* INFORMATION GIVEN

******

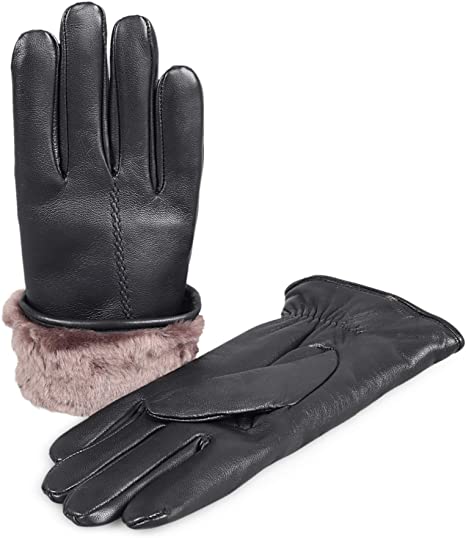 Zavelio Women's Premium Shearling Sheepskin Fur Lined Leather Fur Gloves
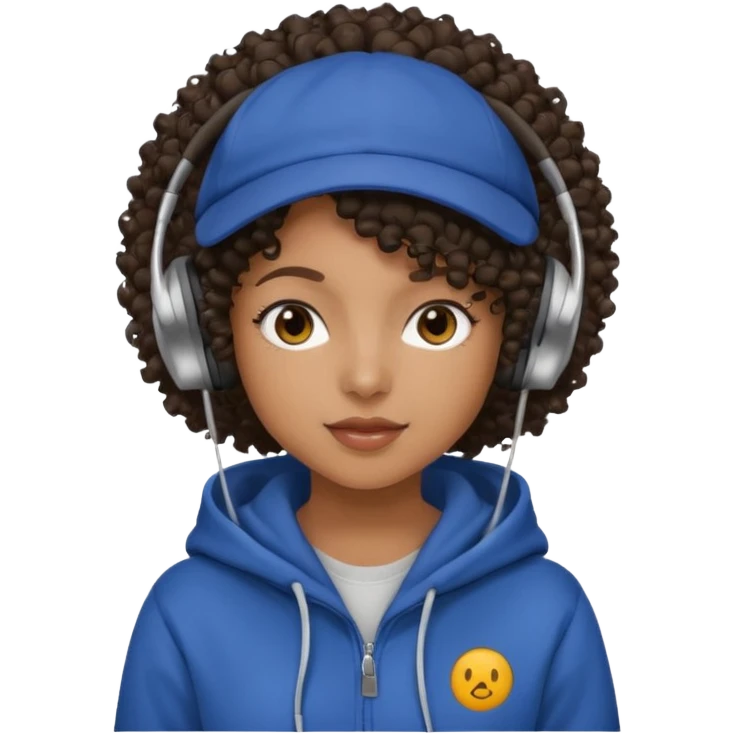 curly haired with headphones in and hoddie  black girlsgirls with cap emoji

******

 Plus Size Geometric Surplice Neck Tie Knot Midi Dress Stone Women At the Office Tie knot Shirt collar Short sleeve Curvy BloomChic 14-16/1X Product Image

******

* EXERCISE DETAILS
Extract the part of the records that opens with the line containing "Zavelio Women's Premium" and closes with the line containing "curly haired with". Take only those lines, exactly, and no pictures.

* SOLUTION FOR THIS TASK
 Zavelio Women's Premium Shearling Sheepskin Fur Lined Leather Fur Gloves
 curly haired with headphones in and hoddie  black girlsgirls with cap emoji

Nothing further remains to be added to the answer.